I saw some items on your list of "raves" I'll have to try.  Our Costco does carry unsalted butter.  It comes in a pack of 3 pounds (or maybe 4?).  Since unsalted doesn't keep as well, that's a lot, but I take out one pound, wrap the others and store them in my freezer.


----------



## Twinkstarr (May 21, 2009)

I do Costco on Wednesday nights about 6:30(drop my eldest off at Kempo Karate down the street). It's not too busy, but you do have the pokey people with those big carts. Not too many sample people out. 


Just a little miffed as they haven't had the big honking cases of Aquafina Flavor Splash that last 2 weeks. 

At ours, you see way more Lexus RX300's, MB's and BWV's than Monster Trucks. So my Audi is right at home.
And this is in Toledo, OH!


----------



## Nancy (May 21, 2009)

*Today*

We went to Costco today and I thought about your post.  Especially when DH pulled up to get gas and an older (than us which is saying something) man was pulled in the wrong direction.  There are arrows showing which way to come in!  On a side note, we got gas, went inside and Costco raised the price of gas 7 cents a gallon while we were inside (a very short time).  Glad we got gas first!

nancy


----------



## Passepartout (May 21, 2009)

Our Costco has both salted and unsalted butter in either whole pound blocks or quarters, and first cold pressing, dated E.V. olive oil. It's in Liter dark glass bottles, not tins. The flavored chicken breasts are in the cooler, not freezer. 
We may not be the best customers there, but we are greeted by name when we are there. Feels pretty good for a warehouse store.

Jim Ricks


----------



## geekette (May 22, 2009)

LOVE Costco!

Apparently we don't have the rude and insensitive people that some locations get.

I do enjoy the samples and have bought products because i have been able to try them.  

Cannot forget "The Tiramisu Lady."  She was calling out "Tirami- suuuuuu!" and we cattle herded ourselves over.  Her voice was high and full toned and fabulous.  Totally pulled us in.  She put us in a trance as she dished up the samples and explained how you could portion it out and freeze it and do this and that, how long it would keep in the fridge ...  I bought tiramisu that day.  Sure, it's not 'real' tira, but close enuf for me.  TIraMiSUUUUUUUUU!!!!

But one day, there was a family, Dad + 3 older teenage boys, and they would have a sample and wait there for the next batch and were pushy and rude about it.  Other than that episode, people are generally polite and considerate.  

Great staff, they keep the store and grounds clean, and when they move stuff (MY PET PEEVE) the employees seem to all know where everything is.  Well, they better, cuz I have my faves and I need to be able to find them!

Timeshare folks in particular might be interested in the Magic Bullet coupon that expires May 31 - you can get the gadget plus all the accessories (juicer/pitcher is not part of normal package you get) for, I think, $45 or so with tax.

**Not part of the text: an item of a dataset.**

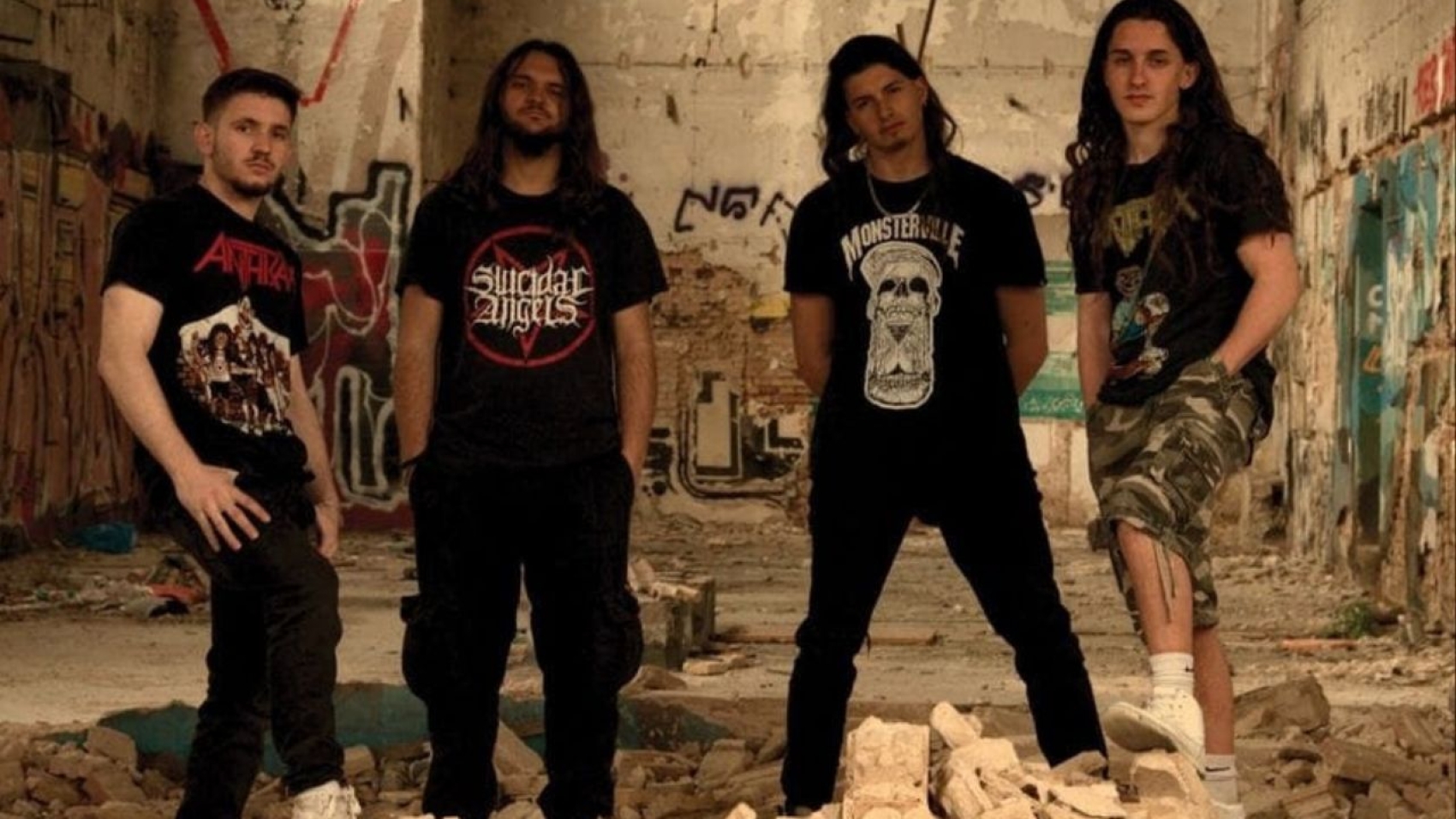 eternal-conspiracy-of-warheads-nuevo-album-thrash-metal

THat is a GREAT PRICE.  I swear by my Magic Bullet, so much better than a blender.  Great gift if anyone has weddings to attend or college grads starting new lives.


----------



## Tia (May 22, 2009)

Colorado would have a monster truck out in the parking lot, but think they are illegal in Minn., probably a good idea :ignore: 



stmartinfan said:


> Your rant made me smile.  But I have to wonder if your Costco is uniquely Nevada?  Here in Minn. I don't think I've ever seen a monster truck in the parking lot!  .......


----------



## ScoopKona (May 22, 2009)

geekette said:


> Timeshare folks in particular might be interested in the Magic Bullet coupon that expires May 31 - you can get the gadget plus all the accessories (juicer/pitcher is not part of normal package you get) for, I think, $45 or so with tax. THat is a GREAT PRICE.  I swear by my Magic Bullet, so much better than a blender.  Great gift if anyone has weddings to attend or college grads starting new lives.

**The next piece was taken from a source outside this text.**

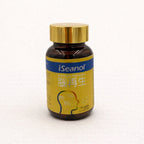 iSeanol® Brain Supplement (90 Capsules)
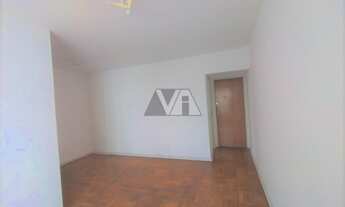 Imagem 4: Apartamento, Vila Mariana - São Paulo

Getting way off topic... I think a well accessorized stick blender is far more useful in the kitchen -- for building sauces, breaking down vichyssoise, grinding spices, whipping cream - well, everything. I wouldn't want something where I'd have to take the hot liquid out of the pot, blend it, then pour it back. (I whip a lot of hot liquids when I cook).

I'd get one of these instead:


----------



## UWSurfer (May 22, 2009)

geekette said:


> Timeshare folks in particular might be interested in the Magic Bullet coupon that expires May 31 - you can get the gadget plus all the accessories (juicer/pitcher is not part of normal package you get) for, I think, $45 or so with tax. THat is a GREAT PRICE.  I swear by my Magic Bullet, so much better than a blender.  Great gift if anyone has weddings to attend or college grads starting new lives.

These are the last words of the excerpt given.